Note: I'm note sure that using the above formula is the best choice. One could start with sin(x) = sin(Cn) + error_term
, and compute the error term in some other way.
You are meeting the boundary between theoretical mathematics and practical numerical calculations.
The trigonometric identity
sin(a + b) = sin(a) * cos( b ) + cos(a) * sin(b)
gives rise to the formula that you quote:
sin(x) = sin(Cn) * cos(h) + cos(Cn) * sin(h)
when you substitute Cn + h for x. This formula is mathematically exact.
However, due to the limitations of practical numeric computation, i.e. floating point arithmetic in your case, we do not have the infinite precision available to numerically calculate such formula exactly.

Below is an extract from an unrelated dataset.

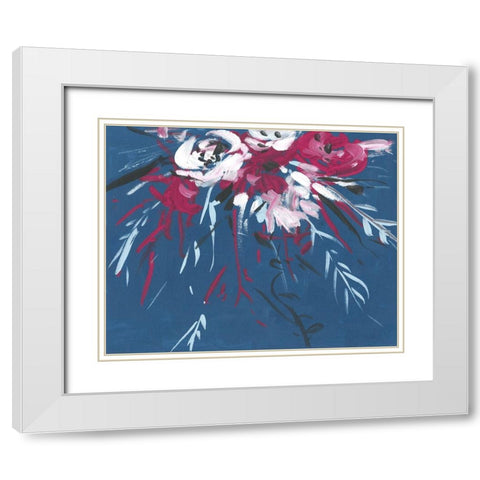 Blooming Night I White Modern Wood Framed Art Print with Double Matting by Wang, Melissa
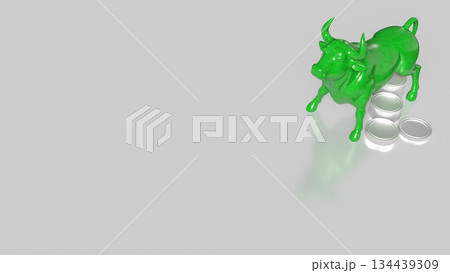 Green Bull Market Growth Symbol 3d render. 134439309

In practice we need to consider the accuracy that we can use to represent the values in the table and what errors are introduced when we perform limited accuracy calculations on these limited accuracy values. The mathematical discipline that deals with practical numerical computation is Numerical Analysis.
There is a very brief summary of Numerical Analysis on Wikipedia with many links to various topics within the subject. I think that you might find Computing values of functions and Interpolation, Extrapolation, and Regression of particular relevance.